Value added tax - bookmaker employing agent to take telephone bets - agent's services not within betting and gambling exemption

United Utilities Ltd v Customs and Excise Commissioners: CA (Lords Justice Auld, Arden and Jacob): 8 March 2004

A provider of betting facilities employed another company as its agent in respect of a telephone betting service.

The agent provided the premises, office and computer equipment and personnel.

Calls from customers placing bets with the principal on sporting and other events were received by the agent's employees who accepted bets only if the odds were quoted on the principal's game software or with the express permission of the principal.

The agent did not handle monies, set the odds or appraise bets.

The VAT and duties tribunal decided that the services provided by the agent were outwith the scope of the exemption for betting and gambling provided by article 13B(f) of Council Directive 77/388/EEC.

Ferris J [2002] EWHC 2811 (Ch); [2003] STC 223 dismissed the agent's appeal.

The agent appealed.

David Goy QC and Conrad McDonnell (instructed by Deloitte & Touche, accountants) for the agent; Kenneth Parker QC (instructed by Solicitor, Customs and Excise) for customs.

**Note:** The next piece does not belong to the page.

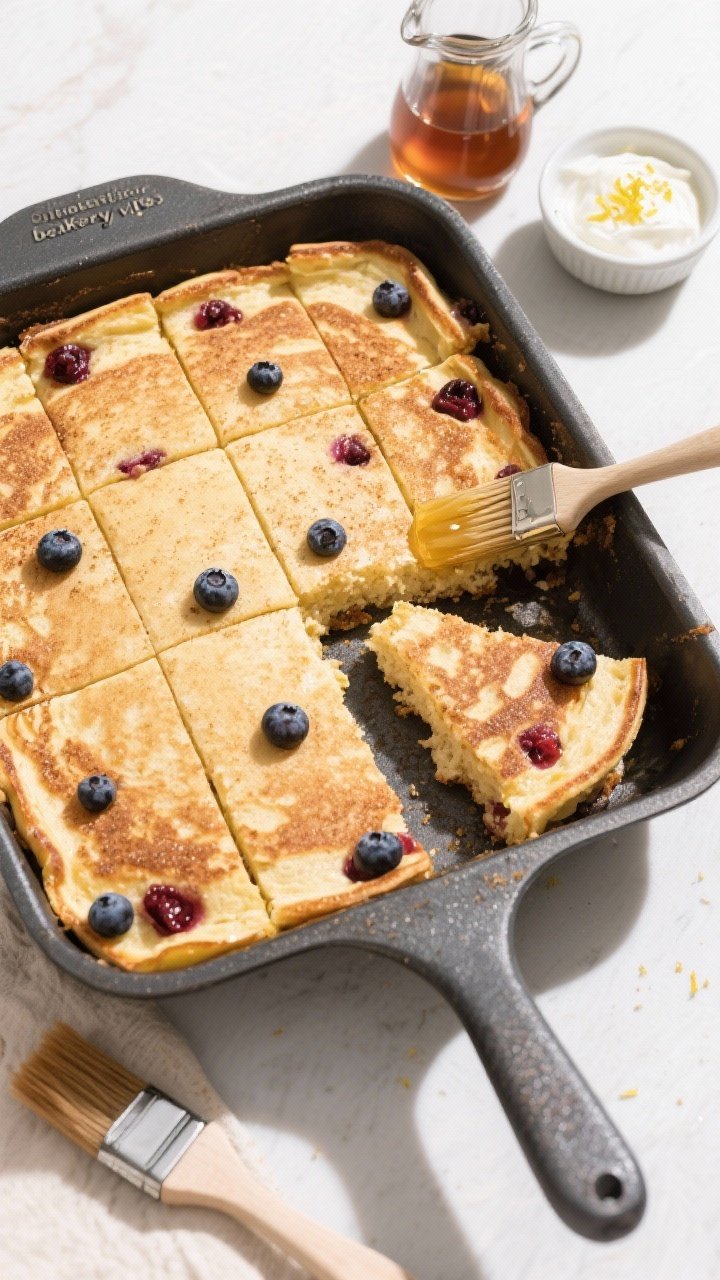 Tasty top view: Overhead shot of the full pancake bake in the pan, evenly baked to a light golden to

Held, dismissing the appeal (Lady Justice Arden dissenting in part), that the agent 'accepted bets' only in a mechanistic sense, having no discretion in the matter, and provided purely administrative services for the principal's betting business; that there was no principle that a person providing such services to a provider of exempt transactions thereby gained exemption; that section 47(3) of the Value Added Tax Act 1994 did not deal with supply by an agent to his principal which was entirely separate from the supply made by the principal through the agent, and would only enable an agent's services to be treated as exempt where the agent acted in his own name and provided all relevant betting facilities to customers, transacting the bets and receiving the stakes for the account of his principal; and that, accordingly, the services provided by the agent were outwith the scope of the article 13B(f) exemption.